# WORK TASK:
Read the listing and extract each line that includes the word "from".
=======
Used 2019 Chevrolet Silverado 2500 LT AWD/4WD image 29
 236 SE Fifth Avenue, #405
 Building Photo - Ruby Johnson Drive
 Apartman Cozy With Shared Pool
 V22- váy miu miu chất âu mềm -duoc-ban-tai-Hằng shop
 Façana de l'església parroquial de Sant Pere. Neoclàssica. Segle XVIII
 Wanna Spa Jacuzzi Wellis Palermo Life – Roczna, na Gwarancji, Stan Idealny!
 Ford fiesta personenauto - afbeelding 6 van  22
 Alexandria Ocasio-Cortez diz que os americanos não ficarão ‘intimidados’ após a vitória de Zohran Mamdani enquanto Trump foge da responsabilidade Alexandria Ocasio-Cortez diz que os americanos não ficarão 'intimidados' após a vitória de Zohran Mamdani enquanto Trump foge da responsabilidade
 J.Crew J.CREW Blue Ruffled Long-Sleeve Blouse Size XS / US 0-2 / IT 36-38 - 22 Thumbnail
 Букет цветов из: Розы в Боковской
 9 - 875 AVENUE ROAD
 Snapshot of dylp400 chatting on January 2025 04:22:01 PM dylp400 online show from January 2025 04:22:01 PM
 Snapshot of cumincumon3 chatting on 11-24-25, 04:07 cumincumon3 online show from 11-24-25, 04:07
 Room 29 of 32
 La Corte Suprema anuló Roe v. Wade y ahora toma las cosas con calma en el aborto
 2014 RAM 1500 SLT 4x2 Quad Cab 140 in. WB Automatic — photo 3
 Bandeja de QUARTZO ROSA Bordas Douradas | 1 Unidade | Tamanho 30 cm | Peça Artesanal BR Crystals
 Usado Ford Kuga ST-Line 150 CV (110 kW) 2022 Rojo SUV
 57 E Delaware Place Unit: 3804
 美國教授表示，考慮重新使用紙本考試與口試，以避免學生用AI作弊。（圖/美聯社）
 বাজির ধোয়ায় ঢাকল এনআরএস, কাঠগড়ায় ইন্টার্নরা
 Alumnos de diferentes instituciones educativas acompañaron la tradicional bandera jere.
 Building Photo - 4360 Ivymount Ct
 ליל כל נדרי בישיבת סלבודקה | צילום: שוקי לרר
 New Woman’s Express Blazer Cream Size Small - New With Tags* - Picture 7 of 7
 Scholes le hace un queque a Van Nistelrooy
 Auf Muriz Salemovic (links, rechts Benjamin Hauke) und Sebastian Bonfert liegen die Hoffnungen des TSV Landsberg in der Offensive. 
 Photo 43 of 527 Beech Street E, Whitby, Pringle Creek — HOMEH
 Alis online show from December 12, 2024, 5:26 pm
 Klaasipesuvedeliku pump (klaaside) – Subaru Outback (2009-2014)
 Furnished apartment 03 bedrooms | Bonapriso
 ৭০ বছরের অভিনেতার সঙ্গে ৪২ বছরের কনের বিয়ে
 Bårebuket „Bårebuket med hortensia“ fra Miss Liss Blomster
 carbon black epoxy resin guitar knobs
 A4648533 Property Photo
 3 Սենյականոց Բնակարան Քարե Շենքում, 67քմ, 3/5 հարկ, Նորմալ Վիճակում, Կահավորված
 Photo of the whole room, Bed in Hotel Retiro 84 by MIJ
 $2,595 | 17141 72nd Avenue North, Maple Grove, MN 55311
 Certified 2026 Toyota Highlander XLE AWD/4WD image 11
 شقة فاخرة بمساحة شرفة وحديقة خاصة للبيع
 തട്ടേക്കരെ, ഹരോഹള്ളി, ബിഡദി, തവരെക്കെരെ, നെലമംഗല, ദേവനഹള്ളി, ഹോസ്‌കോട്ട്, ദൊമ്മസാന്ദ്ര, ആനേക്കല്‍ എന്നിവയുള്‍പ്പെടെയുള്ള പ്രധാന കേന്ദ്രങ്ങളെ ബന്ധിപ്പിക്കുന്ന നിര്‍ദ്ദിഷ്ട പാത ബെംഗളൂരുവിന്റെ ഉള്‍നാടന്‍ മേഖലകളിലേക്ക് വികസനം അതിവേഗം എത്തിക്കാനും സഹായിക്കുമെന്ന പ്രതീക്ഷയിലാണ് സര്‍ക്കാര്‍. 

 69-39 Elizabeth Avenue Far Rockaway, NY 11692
=======
# COMPLETED EXERCISE:
 Snapshot of dylp400 chatting on January 2025 04:22:01 PM dylp400 online show from January 2025 04:22:01 PM
 Snapshot of cumincumon3 chatting on 11-24-25, 04:07 cumincumon3 online show from 11-24-25, 04:07
 Alis online show from December 12, 2024, 5:26 pm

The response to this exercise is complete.